Extracted records:
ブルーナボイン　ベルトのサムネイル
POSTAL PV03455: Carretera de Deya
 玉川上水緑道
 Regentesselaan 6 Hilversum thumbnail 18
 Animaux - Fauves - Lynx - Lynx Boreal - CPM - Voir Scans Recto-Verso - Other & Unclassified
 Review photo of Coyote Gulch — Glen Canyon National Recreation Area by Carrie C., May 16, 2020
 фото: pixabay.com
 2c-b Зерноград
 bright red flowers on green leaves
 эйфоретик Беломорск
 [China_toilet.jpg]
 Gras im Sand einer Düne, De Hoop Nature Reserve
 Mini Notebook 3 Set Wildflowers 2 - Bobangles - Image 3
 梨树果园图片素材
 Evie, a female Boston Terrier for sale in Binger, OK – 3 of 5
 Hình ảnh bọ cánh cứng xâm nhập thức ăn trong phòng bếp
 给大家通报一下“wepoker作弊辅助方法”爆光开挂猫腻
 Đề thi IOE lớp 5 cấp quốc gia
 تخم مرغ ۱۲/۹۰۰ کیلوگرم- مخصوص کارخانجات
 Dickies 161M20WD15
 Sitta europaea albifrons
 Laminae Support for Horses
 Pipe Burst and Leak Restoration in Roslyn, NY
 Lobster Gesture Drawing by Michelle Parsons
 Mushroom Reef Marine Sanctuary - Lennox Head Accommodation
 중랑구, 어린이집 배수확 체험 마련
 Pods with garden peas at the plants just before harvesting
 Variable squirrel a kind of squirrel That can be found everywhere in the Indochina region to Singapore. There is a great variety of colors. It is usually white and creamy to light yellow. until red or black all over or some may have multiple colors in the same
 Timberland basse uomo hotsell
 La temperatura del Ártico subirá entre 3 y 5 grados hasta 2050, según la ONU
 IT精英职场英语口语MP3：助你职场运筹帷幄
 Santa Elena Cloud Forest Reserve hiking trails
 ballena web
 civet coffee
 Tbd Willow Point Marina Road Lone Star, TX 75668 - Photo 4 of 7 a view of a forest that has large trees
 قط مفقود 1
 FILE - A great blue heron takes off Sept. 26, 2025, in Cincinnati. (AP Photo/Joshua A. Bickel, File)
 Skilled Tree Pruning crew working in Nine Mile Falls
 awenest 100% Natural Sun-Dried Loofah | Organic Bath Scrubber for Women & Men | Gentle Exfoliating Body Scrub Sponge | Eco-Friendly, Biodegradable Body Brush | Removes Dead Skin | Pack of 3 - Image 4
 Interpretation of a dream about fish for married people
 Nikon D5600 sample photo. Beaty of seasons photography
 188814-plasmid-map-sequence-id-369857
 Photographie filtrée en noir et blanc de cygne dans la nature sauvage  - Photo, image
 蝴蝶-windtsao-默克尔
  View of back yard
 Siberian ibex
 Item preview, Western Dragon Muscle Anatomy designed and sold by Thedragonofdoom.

### What you have to do
Reproduce only the lines between the line containing "Interpretation of a" and the last line of the records, those two lines included, exactly.

### Result
 Interpretation of a dream about fish for married people
 Nikon D5600 sample photo. Beaty of seasons photography
 188814-plasmid-map-sequence-id-369857
 Photographie filtrée en noir et blanc de cygne dans la nature sauvage  - Photo, image
 蝴蝶-windtsao-默克尔
  View of back yard
 Siberian ibex
 Item preview, Western Dragon Muscle Anatomy designed and sold by Thedragonofdoom.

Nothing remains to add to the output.